Great overview! I still remember the excitement generated when the first Chick-Fil-A opened in Southern California (they were just in the South before). In terms of process, I don’t think Chick-Fil-A’s service is meaningfully faster than that of McDonald’s or other fast food restaurants, and perhaps that is a good thing. McDonald’s elicited a lot of criticism from consumers when they instituted their 30 seconds or less drive-thru service because employees keep messing up the order. Employees also felt extremely stressed by this guarantee. Therefore, I think it’s smart that Chick-Fil-A has chosen to compete on great service (the employees respond “my pleasure” whenever you say “thank you”) and safe, comfortable environment.
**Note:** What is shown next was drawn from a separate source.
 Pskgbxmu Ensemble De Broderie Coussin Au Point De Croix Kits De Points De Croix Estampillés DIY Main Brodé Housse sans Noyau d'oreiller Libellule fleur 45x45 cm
As you pointed out, brand equity is a key strength of the companies. One of my former colleagues had in his office a Chick-Fil-A calendar that he cherished. Just goes to show that people are even willing to buy their merchandise and apparel because they are such fans of the company/product!
Thanks Adam! From your description, it sounds like Mendocino Farms has succeeded due to strong alignment between the customer promise (high-quality, locally-sourced food in a fun, neighborhood-y environment), the people (well-trained employees who dress the part with casual “farmer attire”), culture (positive and customer friendly), and its formal org. In a lot of ways, this company reminded me of MOD Pizza given its Southern California locations and quirky, unique culture. I really enjoyed learning more about the company! The free samples provide a great buffer as well for when the lines get long, as I imagine they do around lunch time.
I think it is only a matter of time before Mendocino Farms expands into adjacent areas like San Francisco or Seattle, which seem to also appreciate upscale locally-sourced ingredients. One question: Do they make the sandwich in front of you? It might help with the customization…
Thanks, James! I recently bought a pair of Bose earphones as a gift without knowing too much about the company other than that others considered them to be cutting-edge in terms of noise-cancelling technology. I guess I fall into their target customer camp of unsophisticated consumers willing to spend, as you described (or that their branding and slick videos work!) There is certainly a halo effect for being a consumer electronics company known for investing in R&D, as in this increasingly connected market, consumers increasingly expect the best. One question that your post raised was how Bose’s margins compare to those of competitors. Given their premium price (I thought it was pushing it) and distribution model (I know there is e-commerce, along with the high end malls and airports you mentioned), I wonder if that gives them more room to play with R&D $$. Great read, thank you!